A fundamental problem in plate tectonics is the shear strength of major plate boundary faults. This translates to the question whether the generally observed small earthquake stress drops of 3–10 MPa on major faults release most of the accumulated stress or only a small fraction of it. There is strong evidence that the San Andreas fault, a major transform plate boundary, is weak (<20 MPa shear resistance). It is not yet clear whether subduction thrust faults are also weak. We present two types of evidence from the northern Cascadia subduction zone that indicate very low coupling shear stress on that plate interface and hence very low strength of the subduction thrust fault, comparable to that estimated for the San Andreas fault.
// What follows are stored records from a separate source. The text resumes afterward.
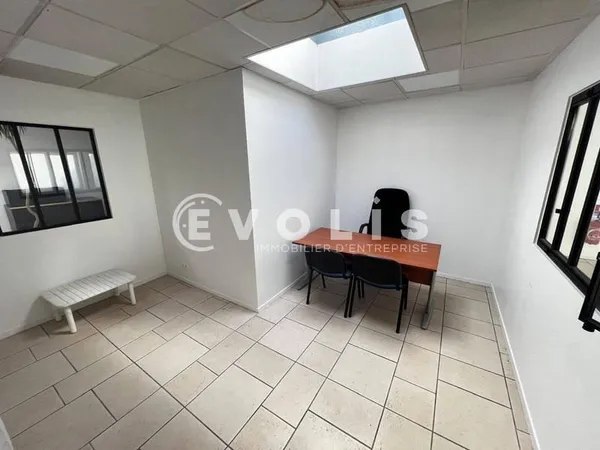 Bureaux 143 m²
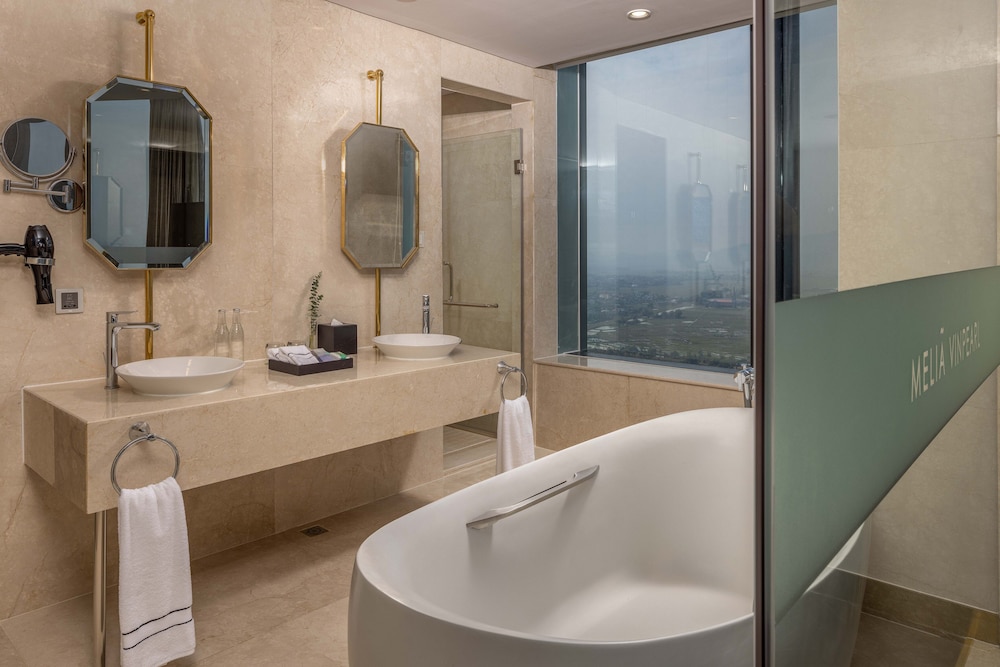 Suite Presidencial del hotel Meliá Vinpearl Ha Tinh. Foto 9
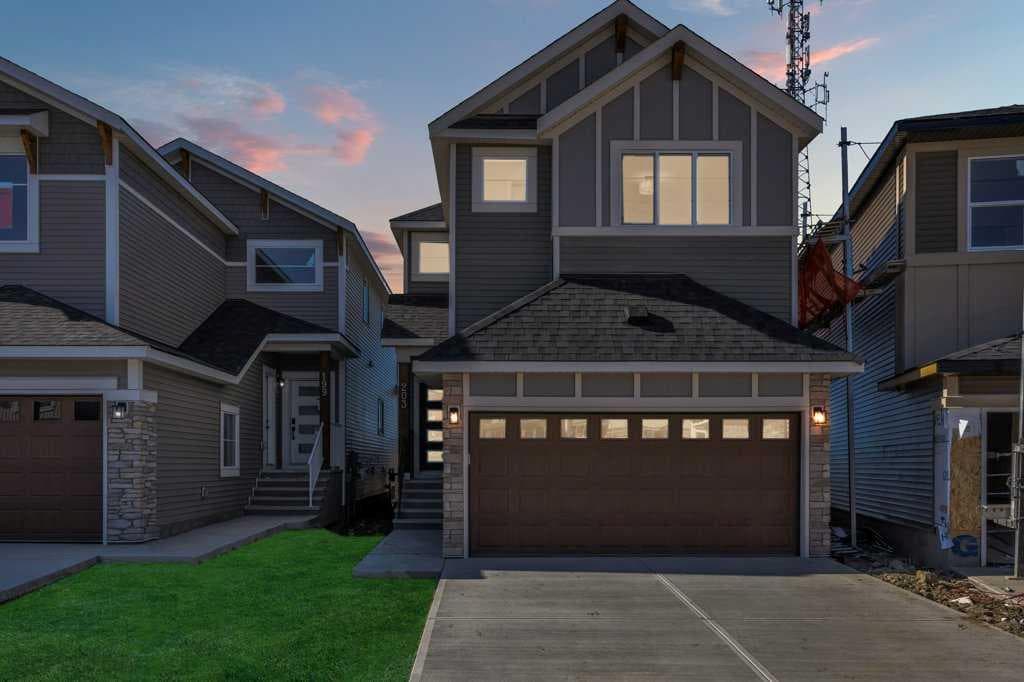 203 Homestead Common NE — photo 1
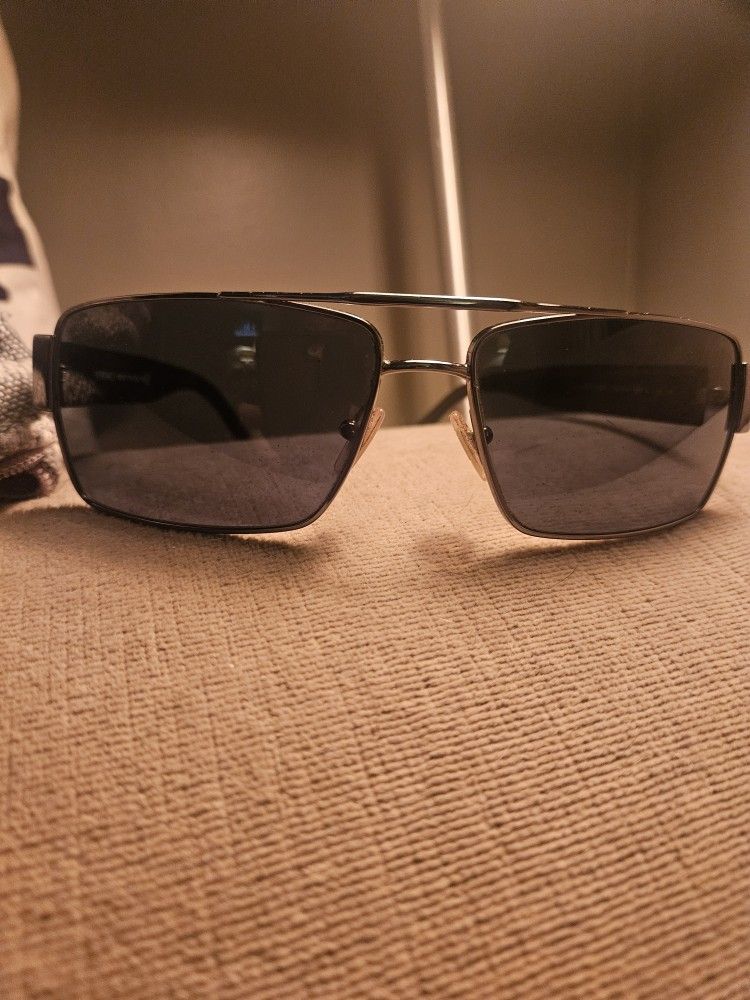 AUTHENTIC VERSACE SUNGLASSES! Made In Italy. Model #2075. No longer available. Unisex. Timeless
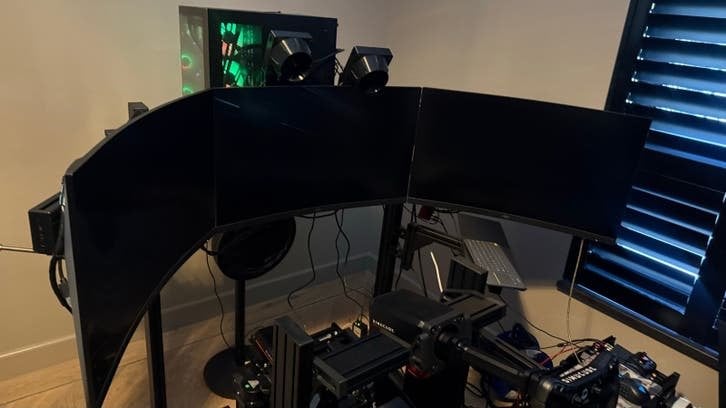 Sim Lab Triple Monitor Stand met 3x AOC Gaming Monitoren, HDMI, Curved, VA, Minder dan 1 ms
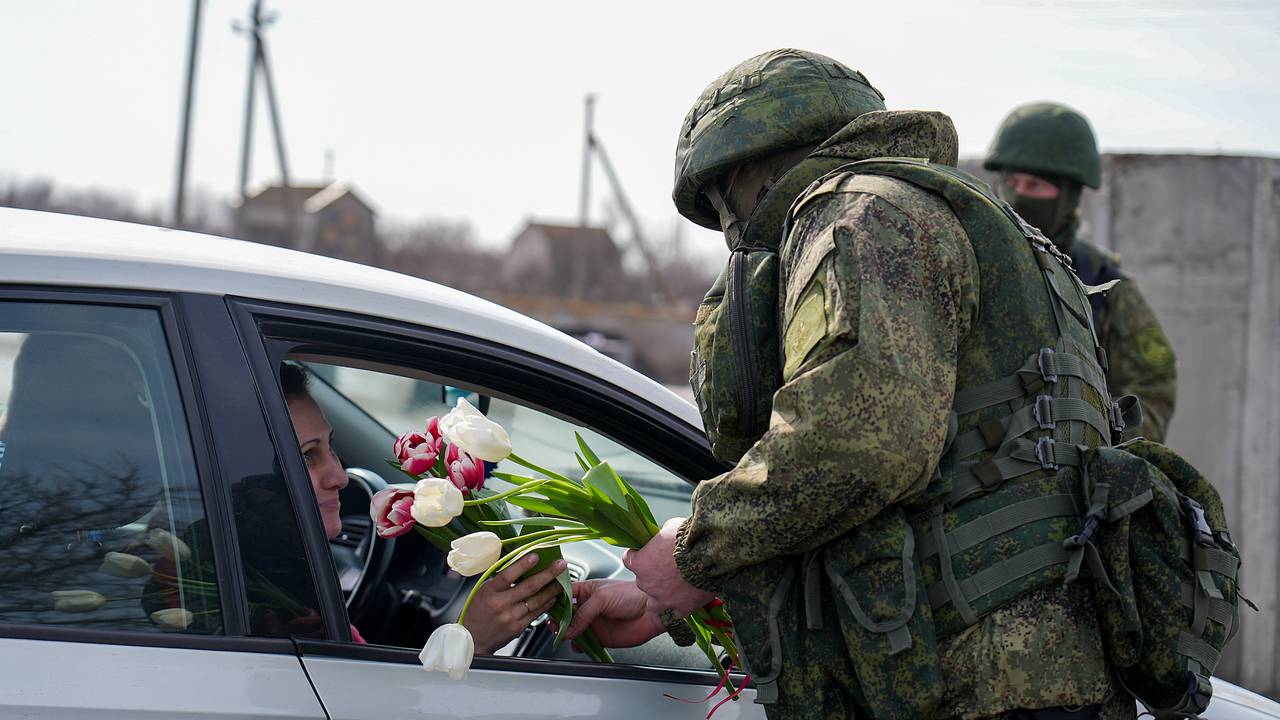 В Запорожье и Херсонщине включились в всероссийское празднование 8 марта:  Регионы: Россия: Lenta.ru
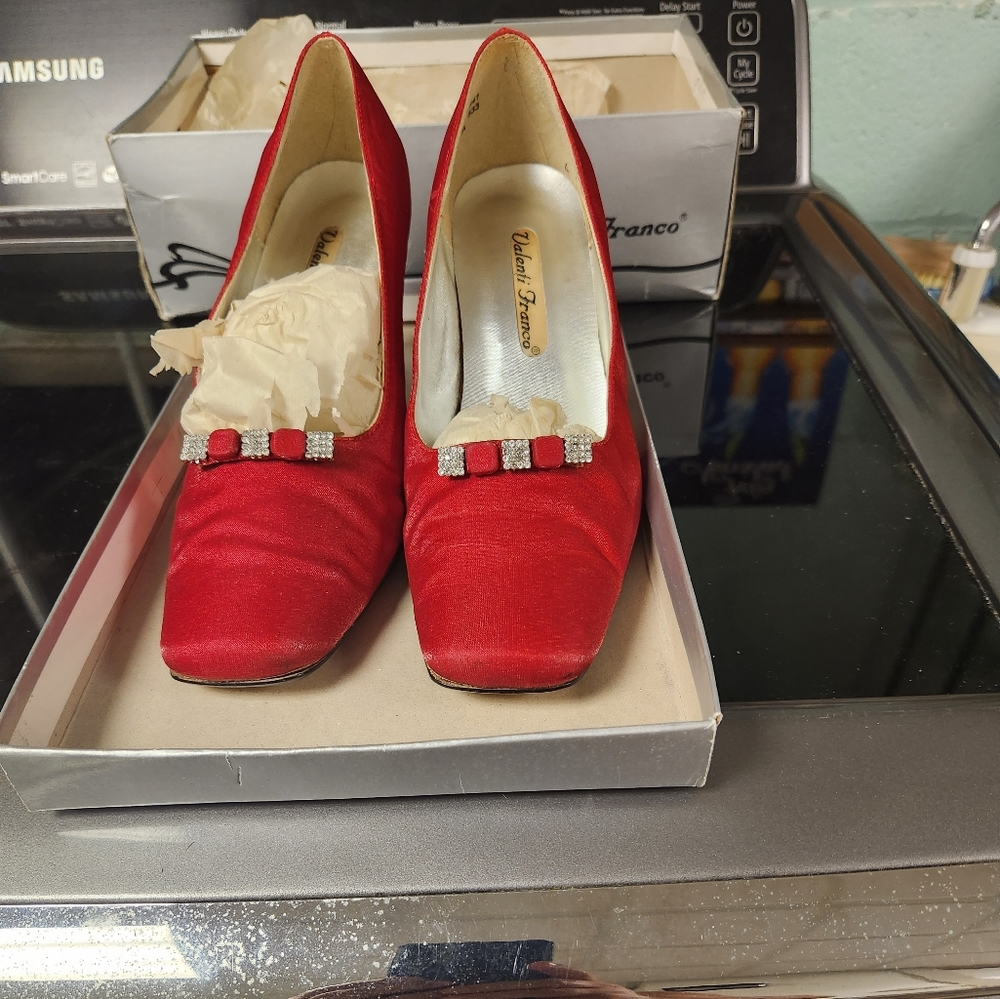 Dress shoes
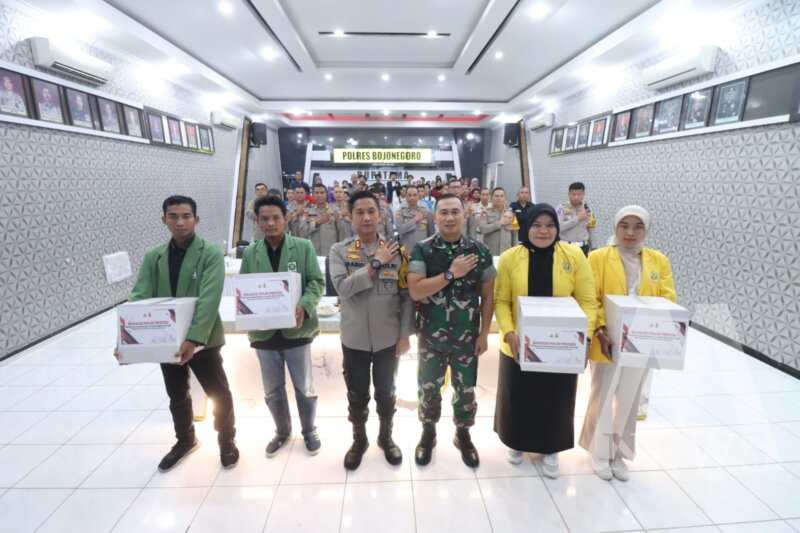 TNI-Polri gelar Baksos Presisi perkuat sinergitas bersama Mahasiswa dan OKP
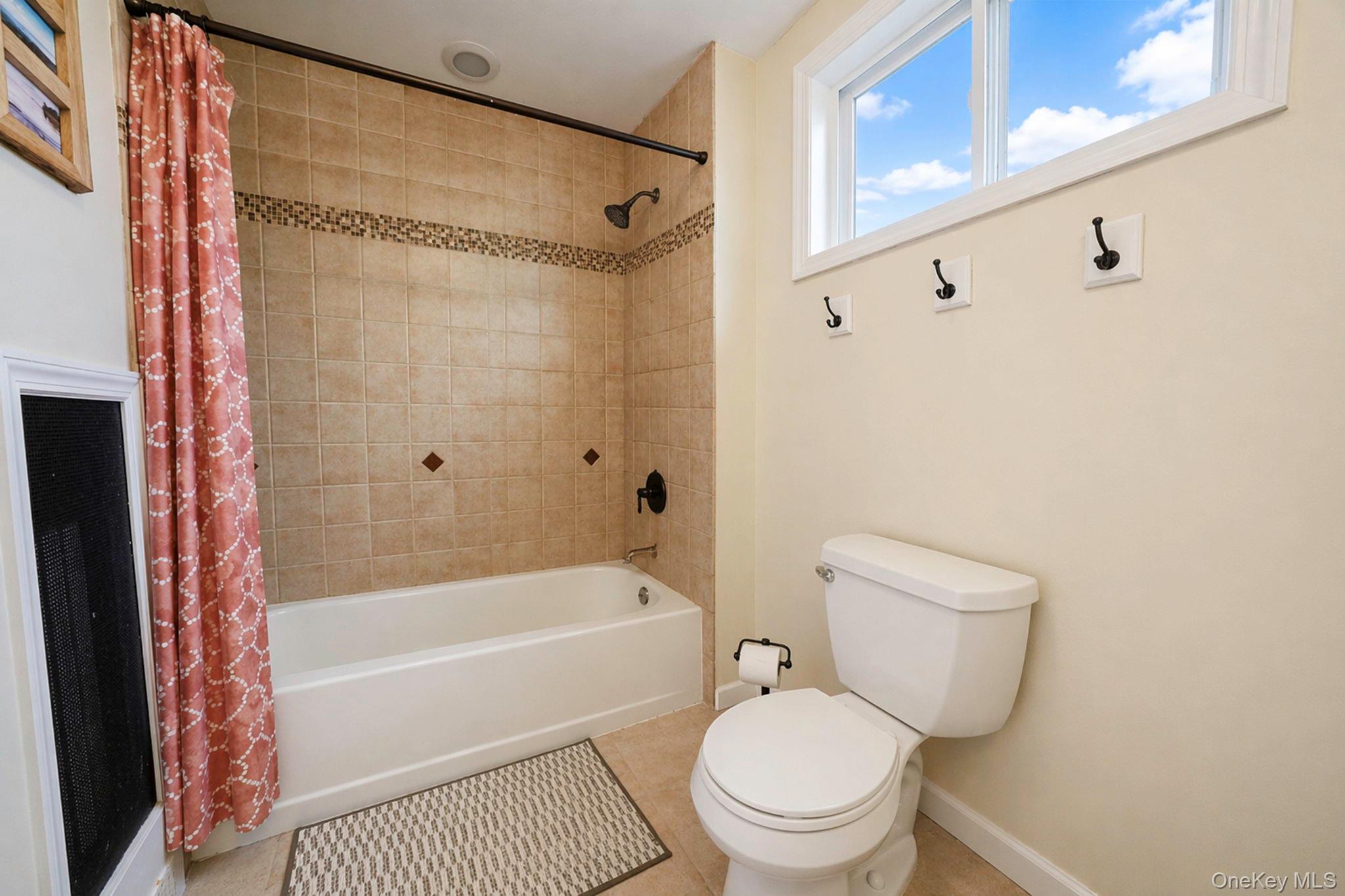 345 Ontario Street Property Photo 14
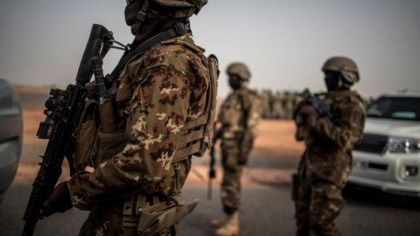 Cel putin noua oameni au murit intr-un triplu atac sinucigas cu bomba in Mali Cel putin noua oameni au murit intr-un triplu atac sinucigas cu bomba in Mali
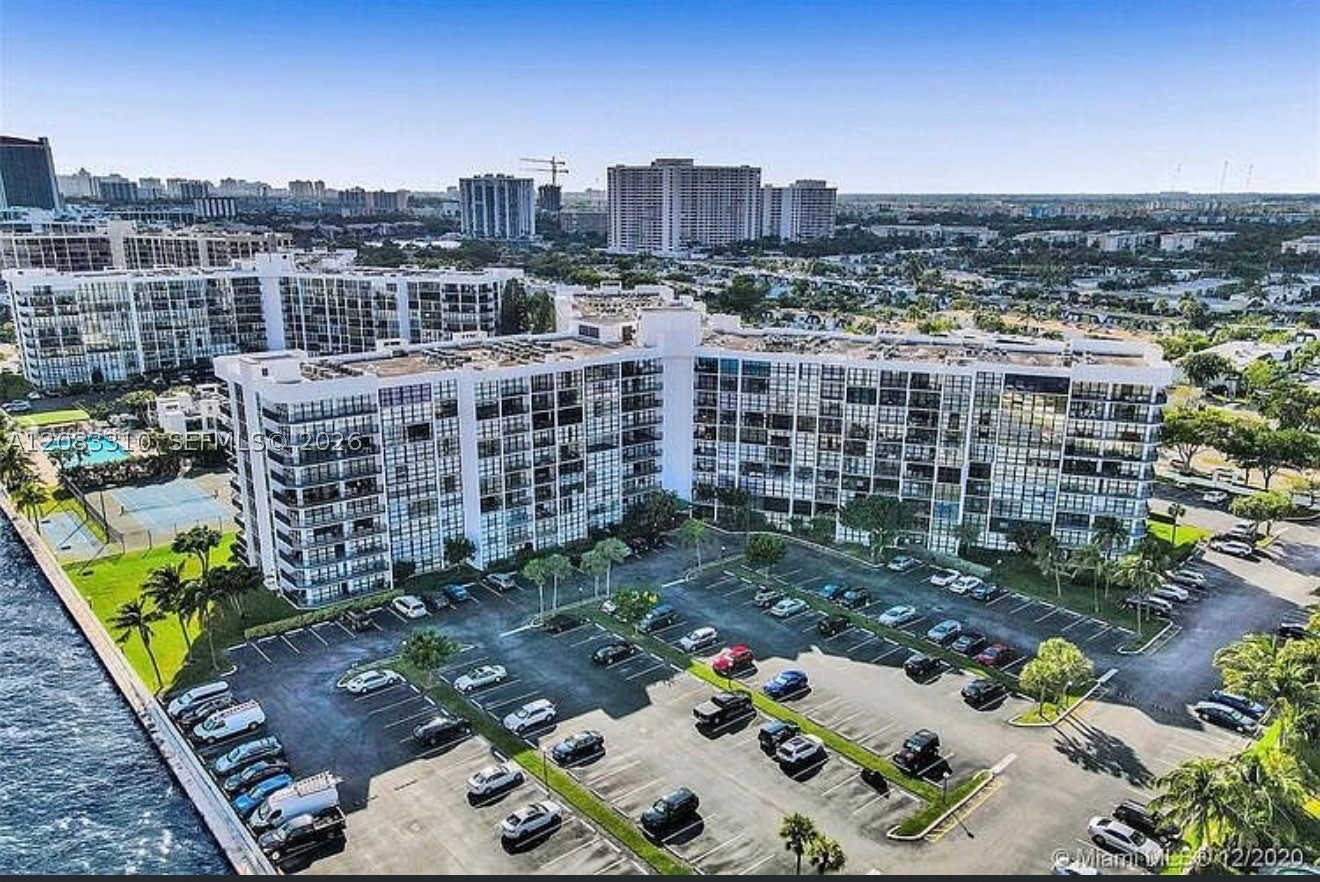 800 Parkview Dr #709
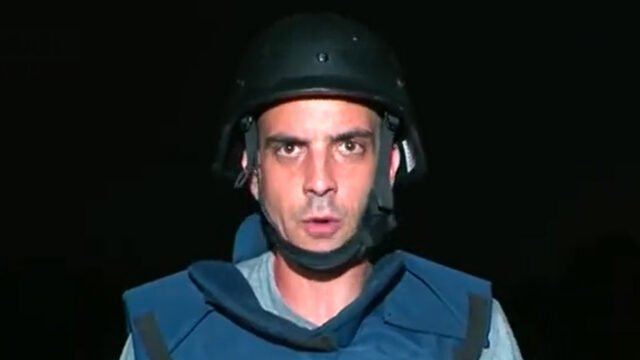 Momento aterrador que Fox News Reporter corre para la portada en vivo en Air & Yells '¡Todos los movimientos!' Mientras los misiles llueven en Israel
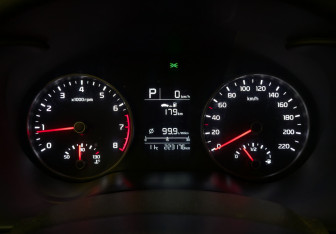 Подержанный автомобиль Kia Rio Hatchback 2020 года (10 фото)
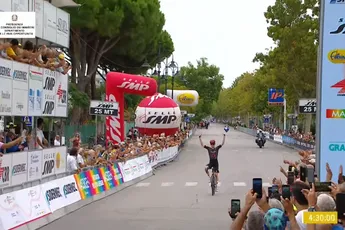 Dit keer geen UAE of Del Toro: Storer weet op geniale wijze Memorial Marco Pantani te winnen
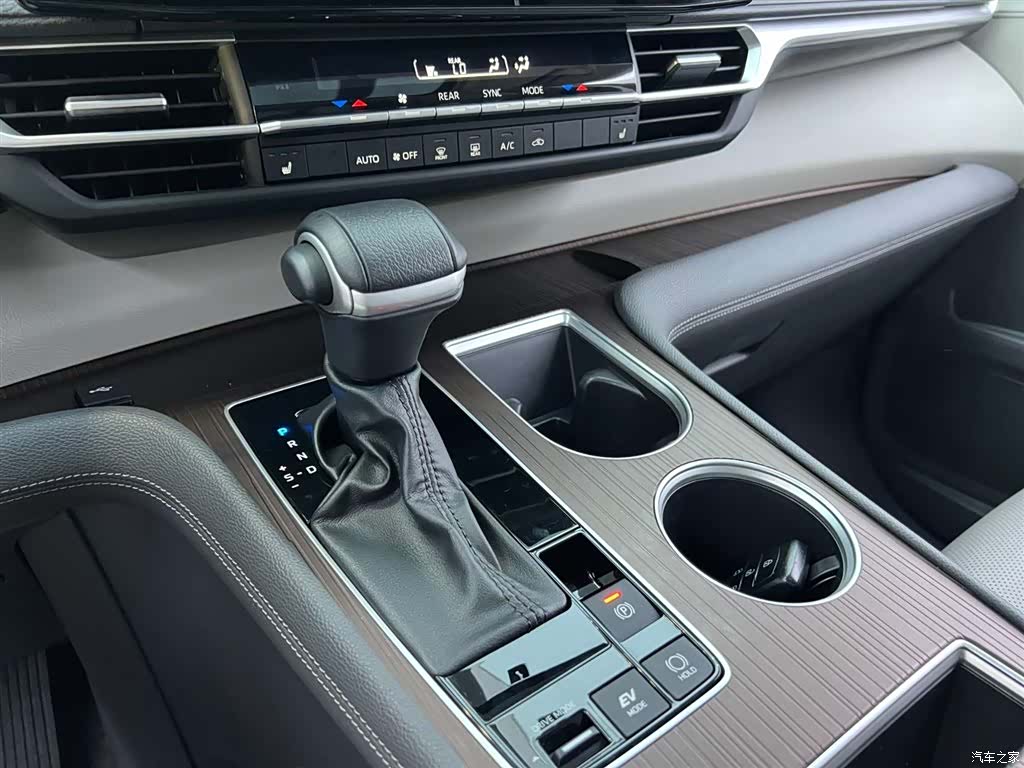 Toyota Granvia, 2024 17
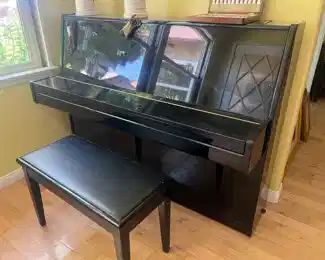 Hallett- Davis piano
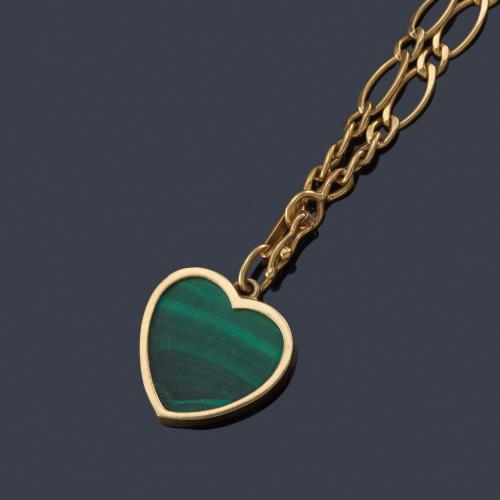  Cadena con colgante de malaquita en forma de corazón en montura de oro amarillo de 18K.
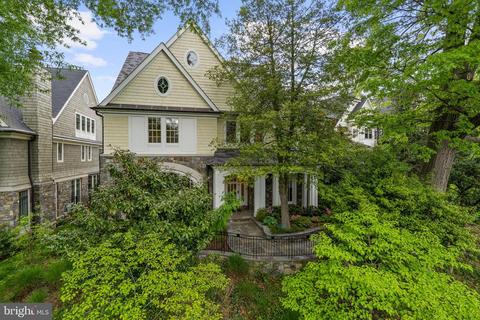 2810 University Ter NW, Washington, DC 20016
First, the well‐defined surface heat flow and heat generation allow negligible frictional heating on the plate interface. The average shear stress on the fault must thus be very low over a time scale of a few million years. Second, focal mechanism solutions for small crustal earthquakes in the southern Vancouver Island area indicate that the horizontal stress in the direction of plate convergence has a similar magnitude to the vertical stress. This inferred stress state requires the present tectonic stress coupled across the subduction thrust fault to be very low. One explanation for the weakness of the fault is the presence of near‐lithostatic pore fluid pressure in the region of the fault zone for which there is independent evidence. The conclusion of a weak subduction thrust fault does not conflict with geodetic observations of contemporary surface deformation which indicate that the fault is currently locked, accumulating strain energy toward a future great earthquake. The surface deformation responds to the small (<20 MPa) temporal changes of the stress field associated with the subduction earthquake cycle. This transient stress is superimposed on the larger background regional stress field in which the maximum compression is parallel to the margin. The weakness of the Cascadia subduction thrust fault and the unusual stress state of the forearc region have important implications for earthquake hazards. For example, a subduction earthquake may induce large strike‐slip earthquakes in the forearc that affect a large area.